• Your assignment
Extract every line between the one with "Tea Tree Cleansing" and the end of the entries, both included, word for word and free of pictures.

• Records to process
##########

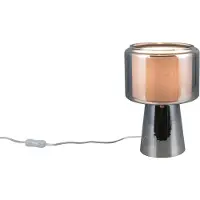 TRIO Design Tafellamp Rocka Chroom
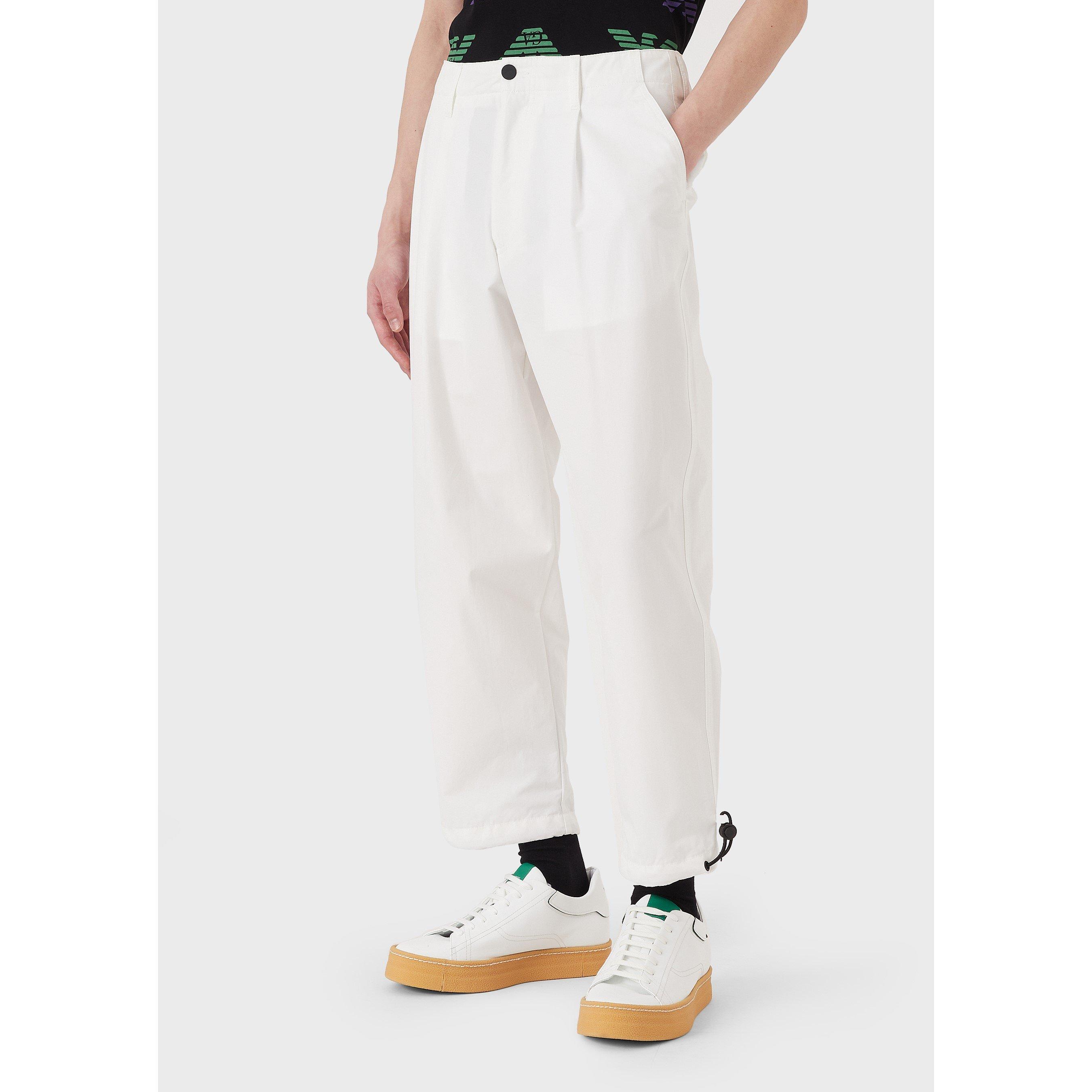 Emporio Armani Straight Leg Trousers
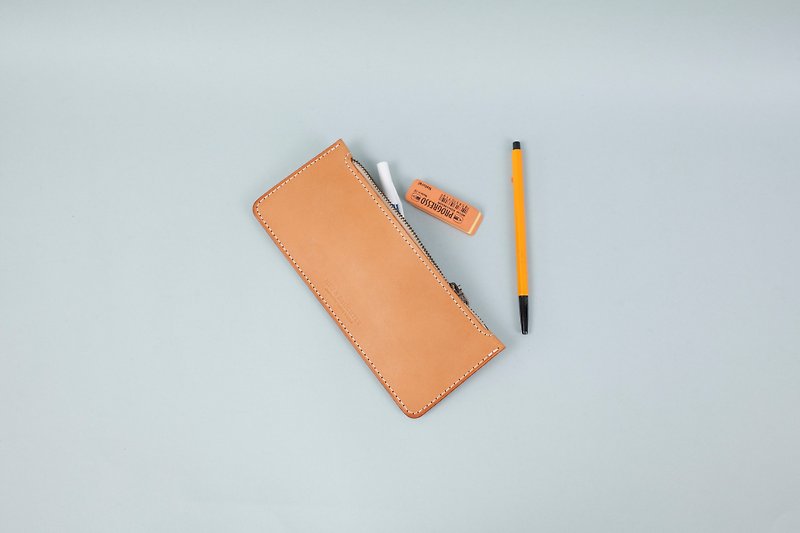 Pencil Case | Leather Customization | Custom Typing | Stationery Storage | Pencil Case | Genuine Leather | - Pencil Cases - Genuine Leather 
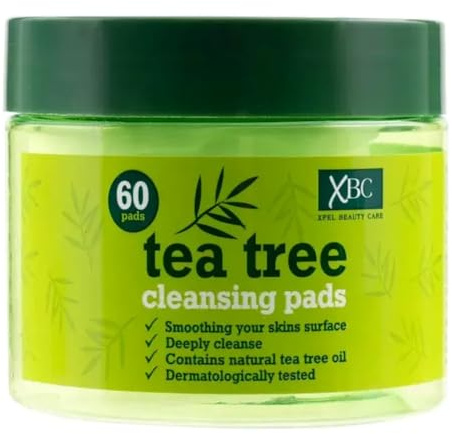 Tea Tree Cleansing Pads Deep Cleanse, Refresh & Revitalize Your Skin - Ideal for Acne-Prone Skin.mackup remuval pads (PACK OF 3)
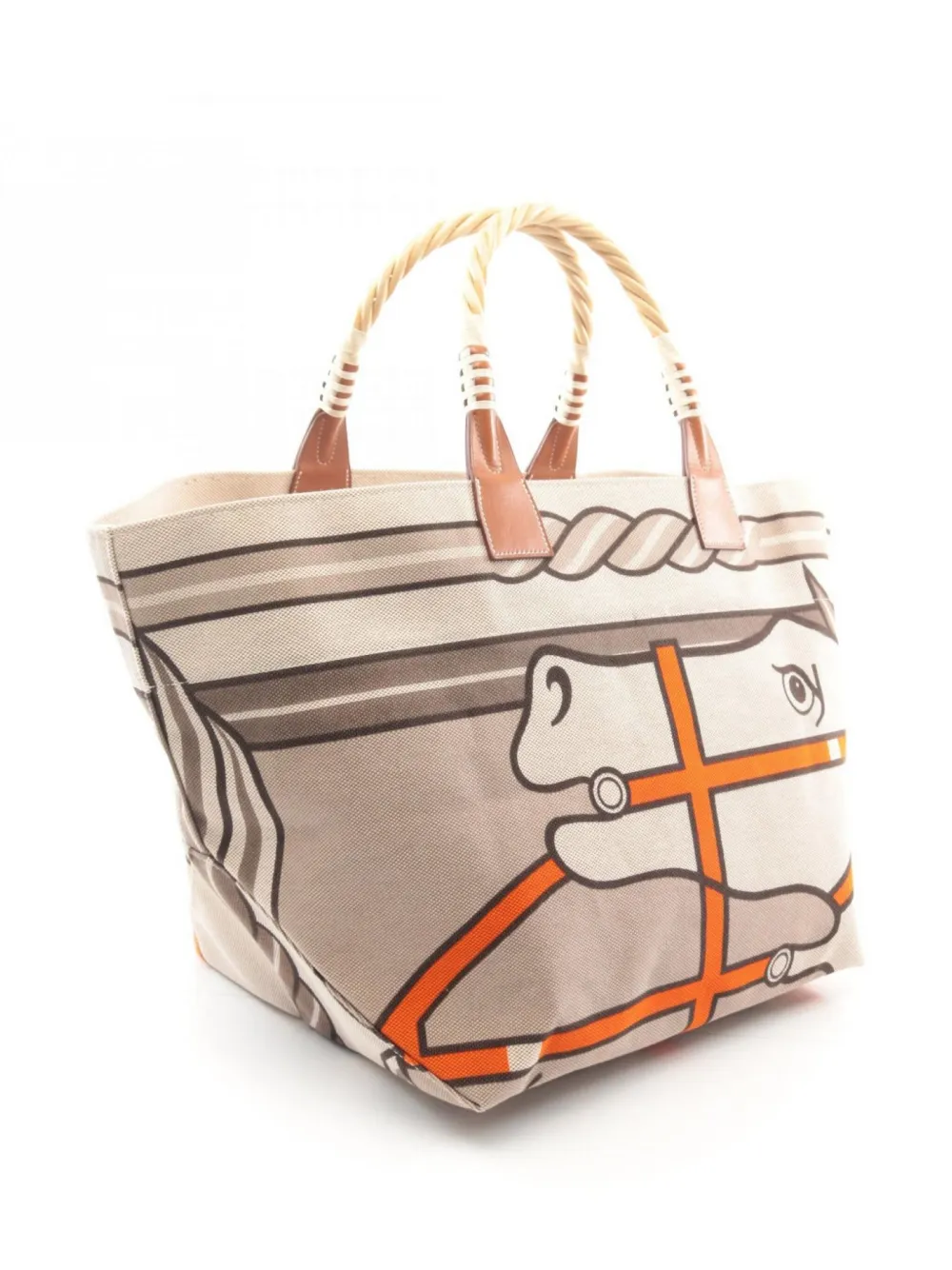 Hermès Pre-Owned 2011 large Steeple handbag - Beige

##########

• Response below
 Tea Tree Cleansing Pads Deep Cleanse, Refresh & Revitalize Your Skin - Ideal for Acne-Prone Skin.mackup remuval pads (PACK OF 3)
 Hermès Pre-Owned 2011 large Steeple handbag - Beige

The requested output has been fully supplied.